In Brisbane I always try to go to the restaurant Shushoku Maya at least once per visit. It’s mid-range Japanese, run by Japanese people with terrific authentic food. Very tasty! I took my Mum there last time we were visiting. They even have zero-alcohol beer, which every restaurant should serve. I also try to visit the West End Markets at least once per visit. Yes, we have brilliant markets in Sydney, but the produce and craft at West End Markets is vastly superior to what we have – and it’s cheaper (don’t take it for granted, my Brisbane friends! It’s really very good and you are lucky). I am obsessed with cooking beans, legumes and pulses at the moment because they’re better for the body and for the environment, and I am unfurling the magic that surrounds these foods when cooked properly with a combination of spices, intuition and creativity. It’s humbling to learn about culture through food and the possibilities are infinite.

In addition to your busy career, you’re also a mother of four. We’d love to know what your go-to method of self care is, to recharge and centre yourself when life gets hectic?
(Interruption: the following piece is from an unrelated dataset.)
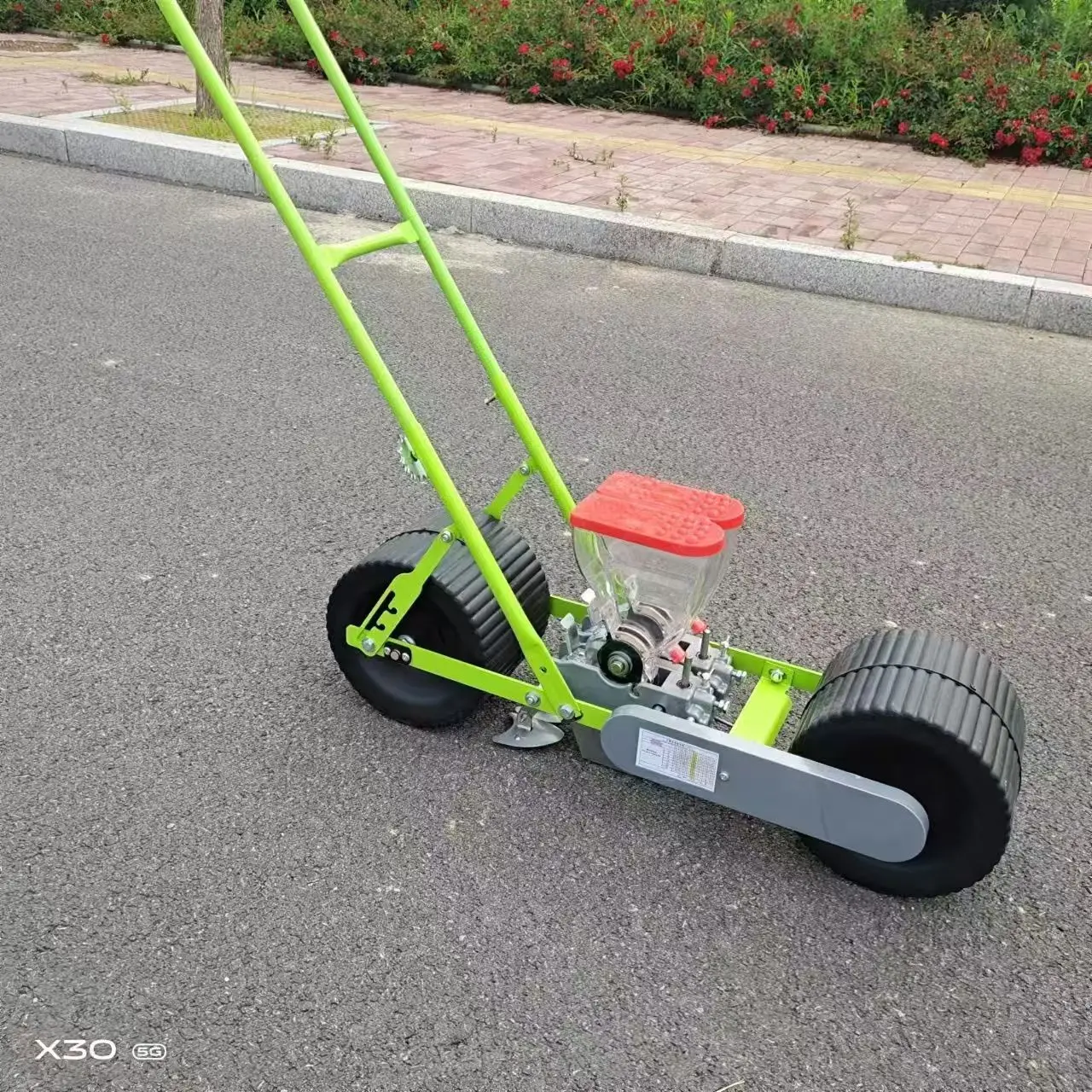 NEWEEK Manual Vegetable Seeder Planter Factory Price Portable 3 Rows Onion Carrot Sowing Machine Agriculture Seeds Transplanters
I suspect that a lot of authors are loners and I have really embraced that part of my soul likes being alone. I need it and I crave it and if I go too long without it I feel like I’m being strangled and get really pissed off. Like you say, I have four children so solitude is a luxury. But also, one of my favourite things in the world is discharging all my duties, getting everything cleaned and packed away in the kitchen, then having my two smaller kids sit on my lap while they watch TV. I don’t pay the TV the slightest attention! I just kiss their woolly fat heads and smell their hair and while my lap is being squashed by the weight of them I feel swollen with blessings and love. I’m also into running and so at least once per year I do a half-marathon. I want to be one of those sinewy old women, all leathery and nugget-brown, still running marathons in my 80s.